The mountains of Carrara, Italy is the most famous source for marble mining.
Marble can also be found in mountains in Vermont and Colorado in the United States, as well as places in South America, Asia and Europe.
#2. Marble Is Known for its Gloss
Marble is well-known for its gloss and reflective qualities.
In fact, the word itself originates from the Greek work “marmar” – a verb that means to glisten.
#3. Marble has Been Used in Historical Buildings and Art
Artists, sculptors and construction projects have long favored marble for its pure, luxurious appeal.
Marble was the primary material for major landmarks like the Taj Majal, the Pantheon, the Leaning Tower of Pisa and the Lincoln Memorial. Also, well-known sculptures like Michelangelo’s David are also made from marble. The translucent qualities of the material make it great to work with and create realistic effects.

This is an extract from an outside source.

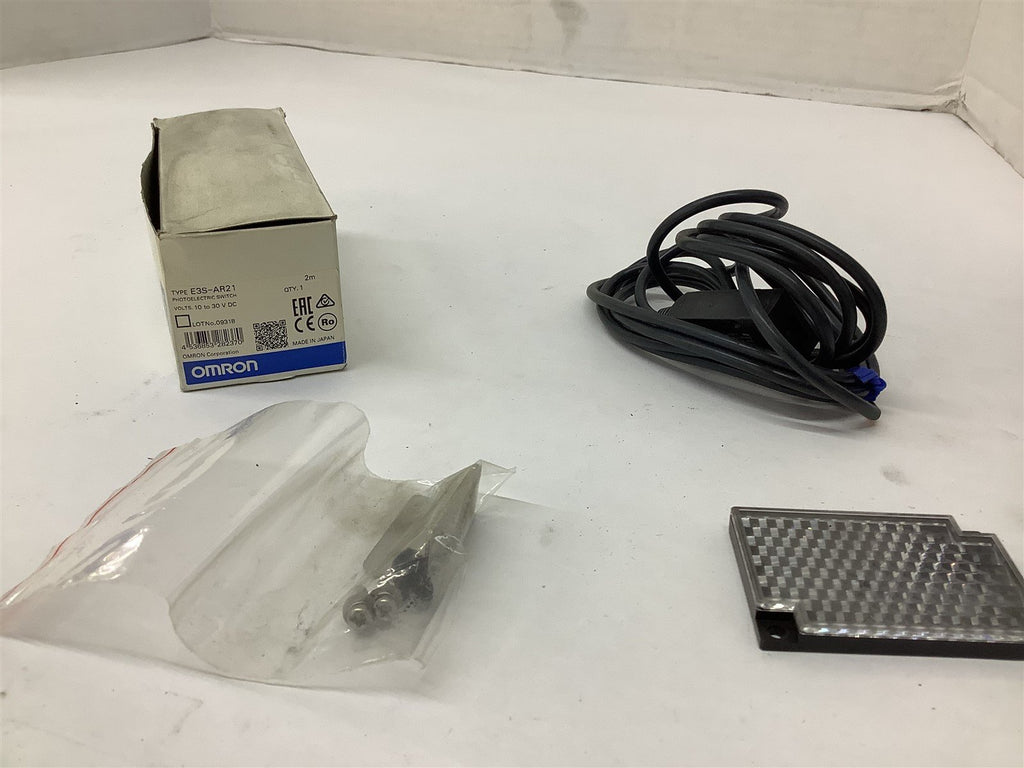 Omron E3S-AR21 Photoelectric Sensor 10-30 VDC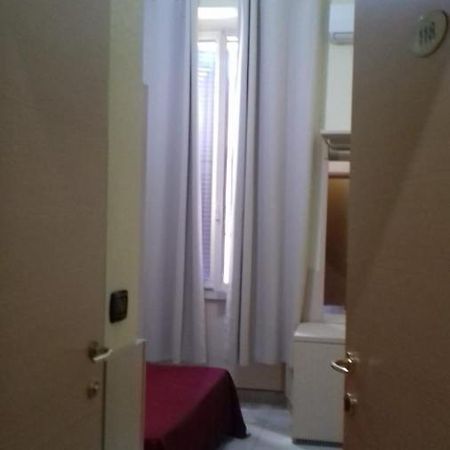 Guest House Hola Roma Bagian luar foto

While marble is typically not optimal for high-traffic use, it truly can stand the test of time. The beauty of these historical buildings and artwork have only gotten better through the years.
#4. Lemon Juice and Marble Don’t Mix
Sealing marble is important, but acidic spills may even penetrate a sealant, creating an “etch” on the surface. An etch is a physical reaction that occurs when acid interacts with a stone’s calcium carbonate makeup. The etch essentially looks like a dull spot on your marble. That’s why it’s so important to clean up acidic spills right away.
The great thing about marble is that, with the right products and professional help, you can usually lift stains, sand chips or scratches down and repolish it if any damage occurs (be sure to reseal after a repair). This isn’t always true for other natural stone materials that experience damage.
#5. You Can Hide Seams with Bookmatching
Bookmatching is when the veining and movement from one slab is mirrored in another. When placed end to end, the motion from one slab carries on to the next, creating a continuing flow.
If you have a particularly large or uniquely shaped area to place marble countertops, you might need more than one slab to cover the countertops. This means you might have seams. A perfect solution for this is to bookmatch the marble, in which adjacent pieces have a mirrored appearance.
Marble is a work of art in history and also your home! Work with a designer and your countertop installer to pick the exact pieces of stone for your countertops—and artfully place them so they look beautiful when they come together.